Reaching out to ask a question, emailing your boss with a query or raising your hand in class are actions that are overflowing with thought, second-thoughts and a deep sense of trepidation. Yet it is the most successful individuals in today’s world who have taught us that “he who is rich is the one who is not afraid to ask.”
“Judge a man by his questions rather than by his answers.” – Voltaire
Here are a few examples of highly successful individuals who weren’t afraid to ask:
Steve Jobs, at just 12 years old, called up one of the founders of HP, Bill Hewlett, to ask him for help. The American entrepreneur and co-founder of Apple Inc. found the number of the Hewlett Packard co-founder in the phone book and asked him a question about building frequency counters. The then junior high school student was quickly offered a job on the HP assembly line building frequency counters.

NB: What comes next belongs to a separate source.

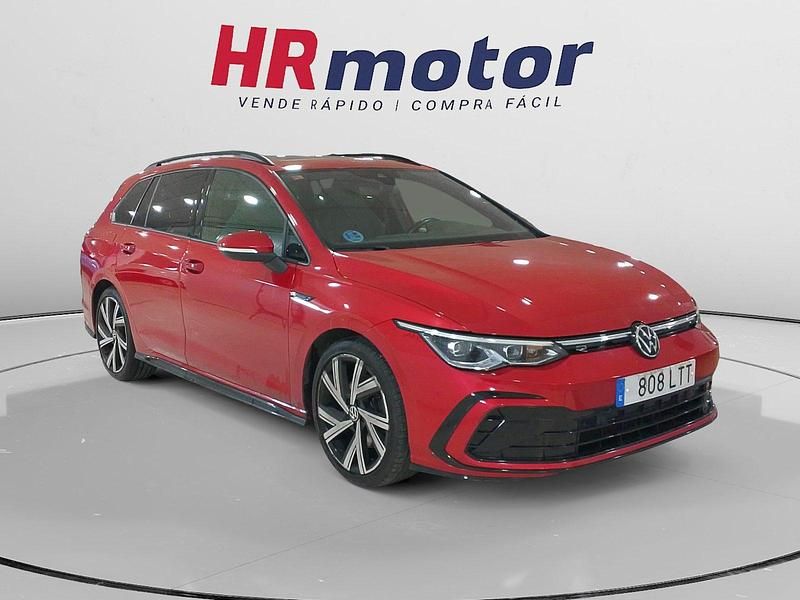 Gris Usado 2021 VW Golf VII R-line | 14.990 € (Super precio) - Imagen 1/4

Later on in his career, it is rumored that Jobs hired John Sculley, CEO of Pepsi, so that Sculley could be a mentor to him. Although it became a somewhat contentious relationship, a big reason Jobs hired John Sculley was apparently due to the lack of leadership qualities Jobs had and so he looked to Sculley to teach him.
Starbucks founder Howard Schultz once asked Bill Gates Sr., father of the founder of Microsoft, for help standing up to a titan Seattle investor. Schultz turned to Bill Gates Sr. once again to be one of the first investors in the now multi-billion dollar company, Starbucks.

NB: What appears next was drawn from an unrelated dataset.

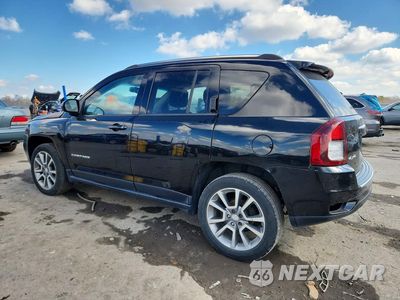 Drugie zdjęcie samochodu z przodu: 2017 JEEP COMPASS LATITUDE VIN:1C4NJDEB2HD165458 - miniatura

Bill Gates turned to his mother for an initial connection to IBM securing them as a client.
It has also been widely reported that Gates often turns to the American business magnate Warren Buffet for advice.

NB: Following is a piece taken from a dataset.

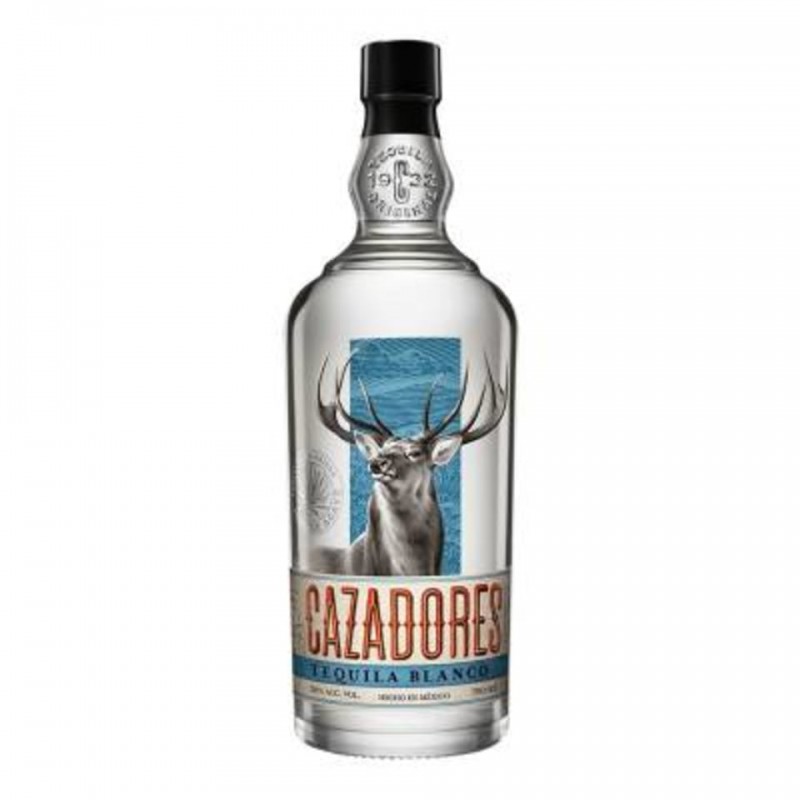 Tequila Blanco Cazadores 750 Ml  1/1 26156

The American entrepreneur is quoted as saying, “To solve any problem, here are three questions to ask yourself: First, what could I do? Second, what could I read? And third, who could I ask?” Words he lived by.
Founder of the Virgin group and English business magnate Richard Branson owes his early success to “…asking lots of questions. I was willing to listen to anyone who could help.”
One of the most renowned successful American businessmen, Trump’s net worth is $3.2 billion, according to the 2013 Forbes Rich List.
Trump’s kindergarten teacher remembers him as the boy who “never stopped asking questions.” He was the most inquisitive student she had ever had in her class.
The Founder and CEO of Bloomberg L.P. and New York City’s 108th Mayor, Michael Bloomberg said it best when he stated that, “inquisitive people who are not ashamed to ask questions invariably wind up knowing more and there is a high degree of correlation between knowledge and the ability to make good decisions. There is also a high degree of correlation between people who have the information and people who succeed.”
Successful people are successful in part because they have learned the art of asking questions. Doctors ask questions to find a cure and investigators to solve a case. Of course, it wouldn’t be smart to ask questions for the sake of asking questions. Rather formulate a question prior to asking to obtain the most effective and helpful response.
Take a page out of their books, swallow your fear and go for it. Because I will let you in on a secret: nobody has it all figured out. Any questions?